Eur J Cancer. 2010 Jun;46(9):1502-13. doi: 10.1016/j.ejca.2010.02.022. Epub 2010 Mar 12.
As a result of an increasing life expectancy, the incidence of cancer cases diagnosed in the older population is rising. Indeed, cancer incidence is 11-fold higher in persons over the age of 65 than in younger ones. Despite this high incidence of cancer in older patients, solid data regarding the most appropriate approach and best treatment for older cancer patients are still lacking, mostly due to under-representation of these patients in prospective clinical trials. The clinical behaviour of common malignant diseases, e.g. breast, ovarian and lung cancers, lymphomas and acute leukaemias, may be different in older patients because of intrinsic variation of the neoplastic cells and the ability of the tumour host to support neoplastic growth. The decision to treat or not these patients should be based on patients' functional age rather than the chronological age. Assessment of patients' functional age includes the evaluation of health, functional status, nutrition, cognition and the psychosocial and economic context. The purpose of this paper is to focus on the influence of age on cancer presentation and cancer management in older cancer patients and to provide suggestions on clinical trial development and methodology in this population.

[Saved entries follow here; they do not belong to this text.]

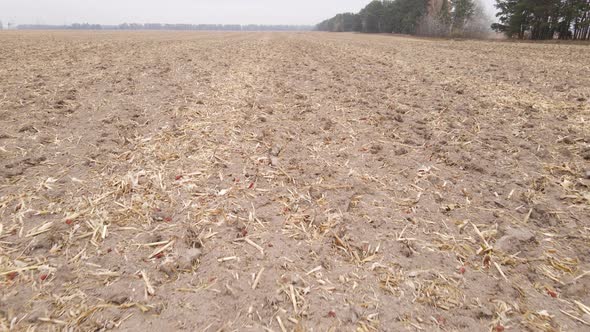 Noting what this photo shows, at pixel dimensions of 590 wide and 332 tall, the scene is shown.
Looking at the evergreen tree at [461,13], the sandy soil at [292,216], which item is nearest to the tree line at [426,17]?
the evergreen tree at [461,13]

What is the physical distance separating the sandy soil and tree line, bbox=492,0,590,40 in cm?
3725

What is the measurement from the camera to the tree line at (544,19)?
103ft

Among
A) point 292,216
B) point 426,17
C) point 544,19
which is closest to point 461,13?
point 426,17

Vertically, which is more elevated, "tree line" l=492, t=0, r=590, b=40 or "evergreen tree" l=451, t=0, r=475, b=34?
"evergreen tree" l=451, t=0, r=475, b=34

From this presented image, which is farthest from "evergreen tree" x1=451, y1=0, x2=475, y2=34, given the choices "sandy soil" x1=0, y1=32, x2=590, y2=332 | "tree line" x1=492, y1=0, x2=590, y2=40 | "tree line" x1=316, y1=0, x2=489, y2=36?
A: "sandy soil" x1=0, y1=32, x2=590, y2=332

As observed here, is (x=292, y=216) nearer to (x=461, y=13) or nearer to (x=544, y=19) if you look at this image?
(x=544, y=19)

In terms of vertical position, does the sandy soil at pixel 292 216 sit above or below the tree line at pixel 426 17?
below

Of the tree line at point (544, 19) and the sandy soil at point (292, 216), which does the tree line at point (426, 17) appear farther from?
the sandy soil at point (292, 216)

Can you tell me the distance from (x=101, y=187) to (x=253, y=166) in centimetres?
198

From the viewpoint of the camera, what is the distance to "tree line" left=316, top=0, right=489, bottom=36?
53594mm

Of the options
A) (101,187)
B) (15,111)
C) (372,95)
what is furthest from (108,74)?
(372,95)

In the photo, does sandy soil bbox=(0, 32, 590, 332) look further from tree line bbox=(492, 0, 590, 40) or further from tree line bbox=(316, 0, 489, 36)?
tree line bbox=(316, 0, 489, 36)

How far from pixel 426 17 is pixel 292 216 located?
70.4 m

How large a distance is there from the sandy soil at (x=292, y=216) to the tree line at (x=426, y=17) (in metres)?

随着预期寿命的延长,诊断出的老年人群癌症病例的发病率正在上升。事实上,65 岁以上人群的癌症发病率比年轻人高 11 倍。尽管老年患者的癌症发病率很高,但针对老年癌症患者最合适的治疗方法和最佳治疗方案的数据仍然缺乏,这主要是由于这些患者在前瞻性临床试验中的代表性不足。常见恶性疾病(如乳腺癌、卵巢癌和肺癌、淋巴瘤和急性白血病)的临床行为在老年患者中可能有所不同,这是由于肿瘤细胞的固有变异和肿瘤宿主支持肿瘤生长的能力不同。是否治疗这些患者的决定应该基于患者的功能年龄,而不是实际年龄。对患者功能年龄的评估包括对健康、功能状态、营养、认知以及心理社会和经济背景的评估。本文的目的是重点关注年龄对老年癌症患者癌症表现和癌症管理的影响,并就该人群的临床试验开发和方法提出建议。